Dataset excerpts:
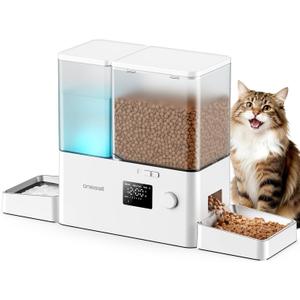 oneisall Automatic Cat Feeder and Water Dispenser, Cat Food Dispenser 36Cups/8.5L, 2-in-1 Large Capacity 5L Cat Feeder and 3.5L Gravity Water Dispenser for Pets, Timed Cat Feeder for Dry Food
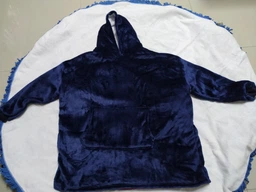 Плед Толстовка с Капюшоном и Рукавами Huggle Hoodie 3-в-1 (Синий) Двухсторонний Теплый Худи Халат Домашний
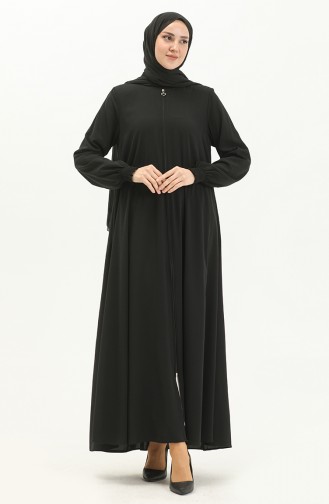 Abaya mit elastischen Ärmeln 5049-01 Schwarz 5049-01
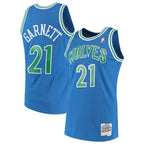 Mens Minnesota Timberwolves Kevin Garnett Mitchell & Ness Blue 1995-96 Hardwood Classics Swingman Jersey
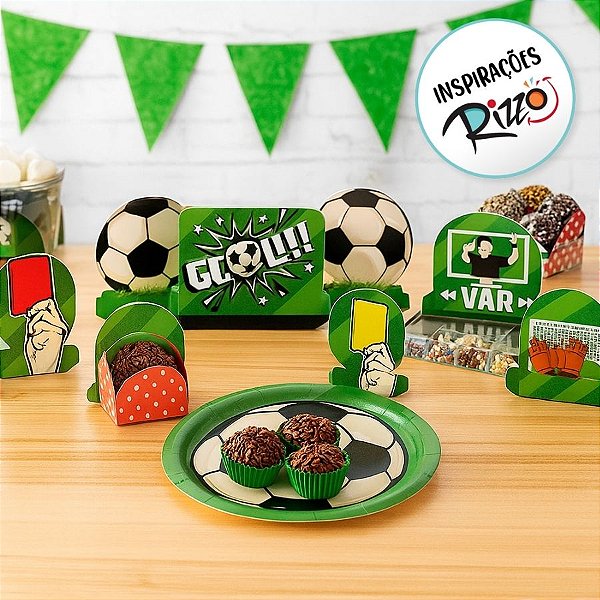 Decoração de mesa - Futebol - 8 unidades - Rizzo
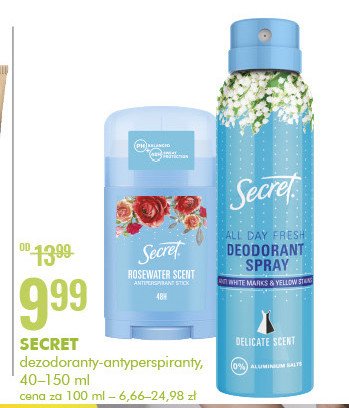 Antyperspirant Secret rosewater scent promocja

Task: Restate word for word only the lines from the one with "Decoração de mesa" through the last line of the material, both included. Any picture should be left out.

Written response:
 Decoração de mesa - Futebol - 8 unidades - Rizzo
 Antyperspirant Secret rosewater scent promocja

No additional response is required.